Today we discuss the hard-to-categorise, mood-enticing work of The Benzene Ring. Hailing from New York, The Benzene Ring is probably most easily described as a progressive metal band. Much like progressive bands, The Benzene Ring focuses on full-length releases spaced by a few years. With their second full-length release, Crossing the Divide, The Benzene Ring have created an album that fans of Neurosis, Sunn O))), Porcupine Tree, King Crimson, Weather Report and TesseracT will revel in. Crossing the Divide is a twelve-track work that is more massive than advertised.
Possibly the most baffling and profound experience found on Crossing the Divide is the double takes that the listener is forced into. On the second track “Jerks in the Obsolaire” and the final track, “(…),” a wavering vocals are used when combined with the sparse instrumentation, mimics the mood and sound of Radiohead. I mention this to give you an idea of the diversity and breadth of influences and moods throughout Crossing the Divide. The band has been able to draw from across all genres, even outside the metal world, and flawlessly intertwine those references with their sound.

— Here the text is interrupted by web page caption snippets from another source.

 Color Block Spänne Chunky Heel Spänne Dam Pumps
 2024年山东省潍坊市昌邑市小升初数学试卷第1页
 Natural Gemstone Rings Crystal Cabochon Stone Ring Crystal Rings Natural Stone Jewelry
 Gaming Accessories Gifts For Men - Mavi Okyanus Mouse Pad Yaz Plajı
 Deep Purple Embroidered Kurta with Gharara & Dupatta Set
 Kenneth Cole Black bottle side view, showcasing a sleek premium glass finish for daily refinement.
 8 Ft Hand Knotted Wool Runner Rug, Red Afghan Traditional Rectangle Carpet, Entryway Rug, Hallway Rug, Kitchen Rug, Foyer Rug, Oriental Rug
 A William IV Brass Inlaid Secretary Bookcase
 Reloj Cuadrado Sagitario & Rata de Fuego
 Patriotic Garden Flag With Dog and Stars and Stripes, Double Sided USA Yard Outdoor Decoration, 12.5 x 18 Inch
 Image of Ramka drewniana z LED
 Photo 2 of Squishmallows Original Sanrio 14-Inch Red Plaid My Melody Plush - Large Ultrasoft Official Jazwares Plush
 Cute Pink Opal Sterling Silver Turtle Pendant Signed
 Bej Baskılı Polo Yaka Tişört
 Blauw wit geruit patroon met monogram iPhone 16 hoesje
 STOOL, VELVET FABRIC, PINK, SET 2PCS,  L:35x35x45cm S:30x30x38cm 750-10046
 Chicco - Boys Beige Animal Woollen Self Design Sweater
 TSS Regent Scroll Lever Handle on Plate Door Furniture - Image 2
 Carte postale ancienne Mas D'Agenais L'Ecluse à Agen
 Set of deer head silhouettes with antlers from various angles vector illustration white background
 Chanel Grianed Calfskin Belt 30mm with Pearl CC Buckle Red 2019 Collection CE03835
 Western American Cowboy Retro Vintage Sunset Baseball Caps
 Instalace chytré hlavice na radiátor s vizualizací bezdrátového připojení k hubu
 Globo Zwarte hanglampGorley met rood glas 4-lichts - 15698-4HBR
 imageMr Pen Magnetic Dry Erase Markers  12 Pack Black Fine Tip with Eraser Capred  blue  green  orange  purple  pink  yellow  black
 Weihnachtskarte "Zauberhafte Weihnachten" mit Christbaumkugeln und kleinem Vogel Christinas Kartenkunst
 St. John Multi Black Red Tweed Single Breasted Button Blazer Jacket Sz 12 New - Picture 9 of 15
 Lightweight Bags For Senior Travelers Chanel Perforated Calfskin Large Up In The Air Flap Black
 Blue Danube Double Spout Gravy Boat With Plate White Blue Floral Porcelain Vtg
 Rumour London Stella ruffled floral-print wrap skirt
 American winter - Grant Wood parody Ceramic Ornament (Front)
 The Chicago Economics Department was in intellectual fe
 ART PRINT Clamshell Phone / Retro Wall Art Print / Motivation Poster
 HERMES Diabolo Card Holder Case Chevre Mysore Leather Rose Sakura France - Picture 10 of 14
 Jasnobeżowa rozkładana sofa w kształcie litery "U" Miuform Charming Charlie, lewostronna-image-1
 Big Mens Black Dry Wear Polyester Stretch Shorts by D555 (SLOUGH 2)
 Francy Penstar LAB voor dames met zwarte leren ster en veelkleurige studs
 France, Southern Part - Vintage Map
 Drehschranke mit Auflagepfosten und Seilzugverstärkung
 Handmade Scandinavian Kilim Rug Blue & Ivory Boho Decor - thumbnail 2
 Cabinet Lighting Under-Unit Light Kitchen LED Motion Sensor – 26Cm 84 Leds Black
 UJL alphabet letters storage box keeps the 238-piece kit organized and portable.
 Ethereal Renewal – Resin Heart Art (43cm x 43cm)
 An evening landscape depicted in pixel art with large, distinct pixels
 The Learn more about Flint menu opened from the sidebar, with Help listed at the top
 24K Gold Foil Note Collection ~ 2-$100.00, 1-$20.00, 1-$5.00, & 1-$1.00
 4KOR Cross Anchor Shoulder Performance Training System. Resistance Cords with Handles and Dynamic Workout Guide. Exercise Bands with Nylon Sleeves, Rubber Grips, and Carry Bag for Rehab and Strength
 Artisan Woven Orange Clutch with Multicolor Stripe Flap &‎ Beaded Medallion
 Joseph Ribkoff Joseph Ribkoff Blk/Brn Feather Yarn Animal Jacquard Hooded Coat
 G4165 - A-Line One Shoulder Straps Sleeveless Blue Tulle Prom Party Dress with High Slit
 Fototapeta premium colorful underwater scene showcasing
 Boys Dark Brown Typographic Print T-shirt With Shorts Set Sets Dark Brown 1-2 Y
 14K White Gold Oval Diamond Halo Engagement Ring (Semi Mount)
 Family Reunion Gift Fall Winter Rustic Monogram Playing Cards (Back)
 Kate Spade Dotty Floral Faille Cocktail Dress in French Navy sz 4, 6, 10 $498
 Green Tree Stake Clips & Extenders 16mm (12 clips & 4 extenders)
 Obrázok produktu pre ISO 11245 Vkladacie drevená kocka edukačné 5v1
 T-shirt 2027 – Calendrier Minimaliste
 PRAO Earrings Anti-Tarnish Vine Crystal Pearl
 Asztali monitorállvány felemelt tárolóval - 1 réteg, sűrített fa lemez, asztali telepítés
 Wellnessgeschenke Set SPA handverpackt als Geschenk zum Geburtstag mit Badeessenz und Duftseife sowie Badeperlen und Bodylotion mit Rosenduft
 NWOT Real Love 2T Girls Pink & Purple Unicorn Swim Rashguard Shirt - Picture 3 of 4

On the fifth track, “Alarms,” The Benzene Ring shows that they can hit drone levels of ambiance. It’s that fluidity that keeps the album cruising along despite it’s twelve tracks. The Benzene Ring’s ability to edit; to leave out vocals and let the negative space step to the forefront is another mark of their success. Conversely, when vocals are necessary to fill space, The Benzene Ring does so carefully and didactically adding yet another layer to their constantly developing sound.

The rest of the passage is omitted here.